No, Initiative 88 doesn't resolve the whole state's education crisis. And yes, it is another drip in what seems like a never-ending stream of tax requests from local, state, and regional governments. But in this case, the need is too urgent to say no. We can't let another generation of kids slip through the cracks while the legislature and school district try to hammer out a solution that makes everyone happy. Sometimes even imperfect solutions are better than doing nothing at all.

Some of John Groen's Best Friends Are Gay

By David Schmader

JOHN GROEN Blowing smoke.

During his Stranger Election Control Board interview with his opponent Chief Justice Gerry Alexander—an event that fell the day after the Washington State Supreme Court ruled against gay marriage—Supreme Court candidate John Groen repeatedly dodged questions about the issue. As a prospective judge, Groen insisted he wasn't free to weigh in on issues that might come before him in a legal capacity. However, he was happy to provide us with the name and phone number of an actual homosexual he counted as a friend, who could gaily vouch for him. After Groen offered his gay friend's contact info for the third time—he had a lot of questions to dodge—I took it.

Groen's gay friend is an Oregon man named Geoff Thompson, a former country-western singer who appeared as a Playgirl centerfold before purchasing the Viewpoint Inn in Corbett, Oregon. "Talking with Thompson is like talking with someone who has a syndrome like Tourette's, but one that compels not only profanity but also grandiose claims, deeply cutting insults, and threats," wrote Willamette Week's Patty Wentz in 1999, when Thomson was embroiled in a salacious land-use dispute. Hmm, guess where property-rights guy Groen comes in? Thomson's continued displays of anger and "physical and verbal threats" against staff at four Multnomah County agencies led to his being banned from all county offices. This is a character reference? For a man who wants to be a judge?

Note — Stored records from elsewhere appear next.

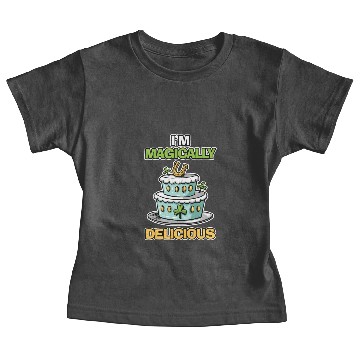 Discover I'm Magically Delicious Baby Tees
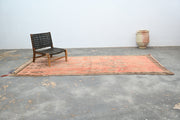Vintage 1970s Handwoven Boujaad Rug, 340 x 150 cm, V-139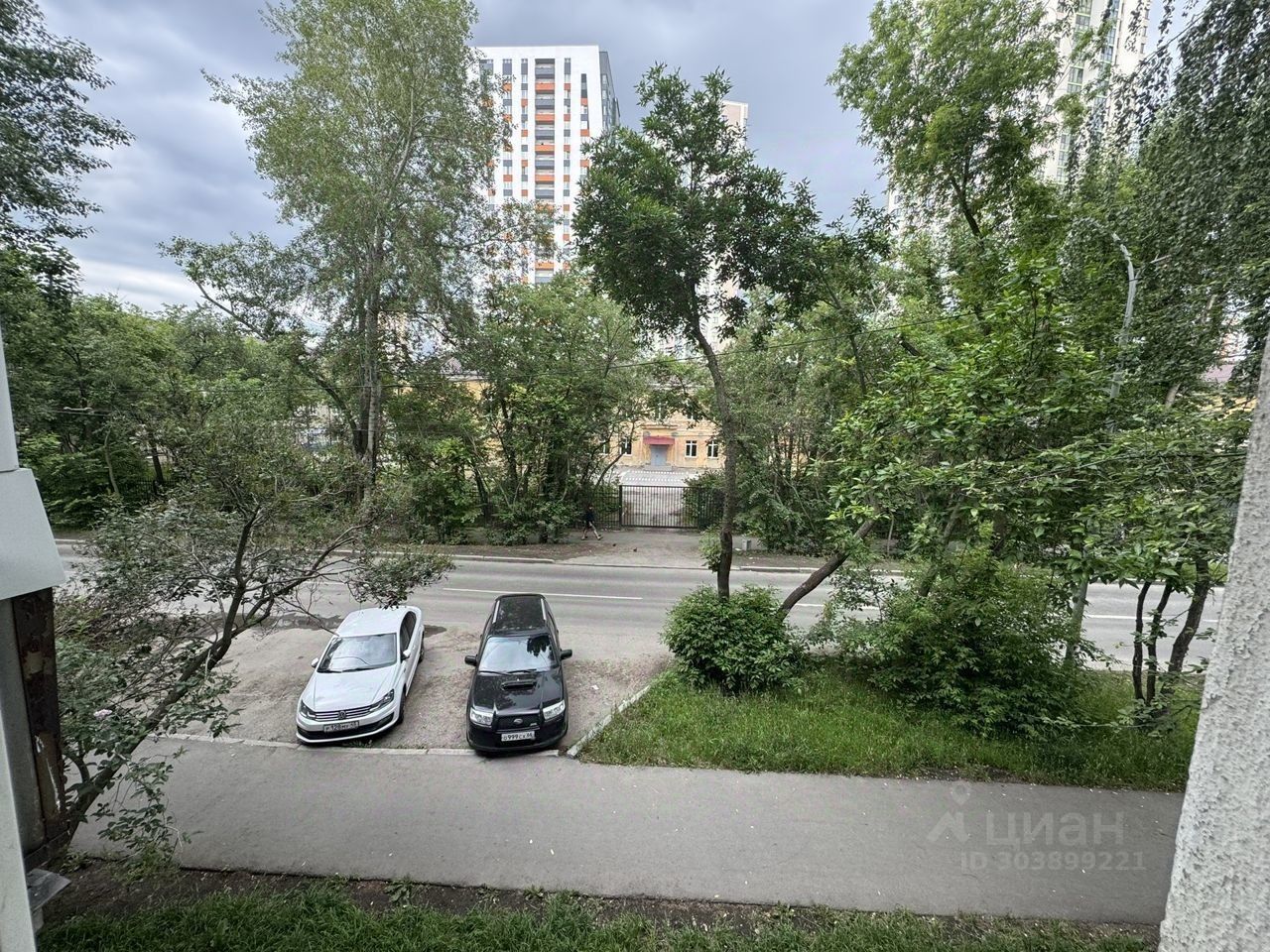 Продажа однокомнатной квартиры 30м² ул. Циолковского, 86, Екатеринбург,  Свердловская область - база ЦИАН, объявление 303899221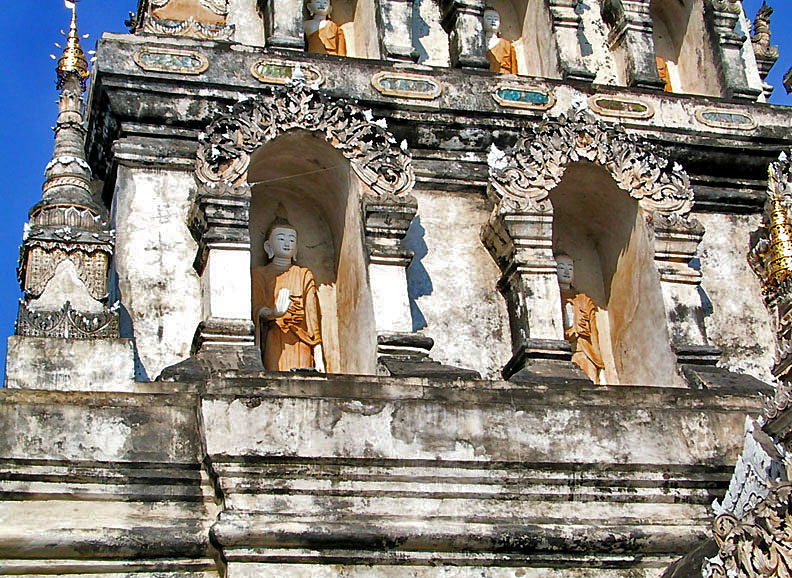 Wat Chedi Liem, close up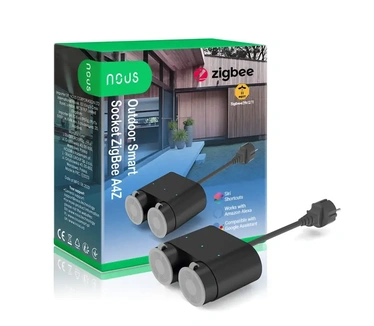 Smart ZigBee Buitenstopcontact Nous a4z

On the phone, Geoff Thompson seems perfectly sane—garrulous but not aggressive, with a love for John Groen that's absolute. "My relationship with him is one of the most important I have with another man," said Thompson, who credits Groen, a property-rights lawyer when he's not a candidate, with helping him win the aforementioned land-use battle. When I press for specifics on Groen's gay-marriage leanings, Thompson says, "One thing I do know about John, he does not believe the Constitution should be amended to ban gay marriage." Anything else? "He is a great, great man," says Thompson. "I believe in him for this job. I would not be supporting him if he was George Bush."

John Groen: Not as bad as George Bush. Hold your nose and vote Alexander.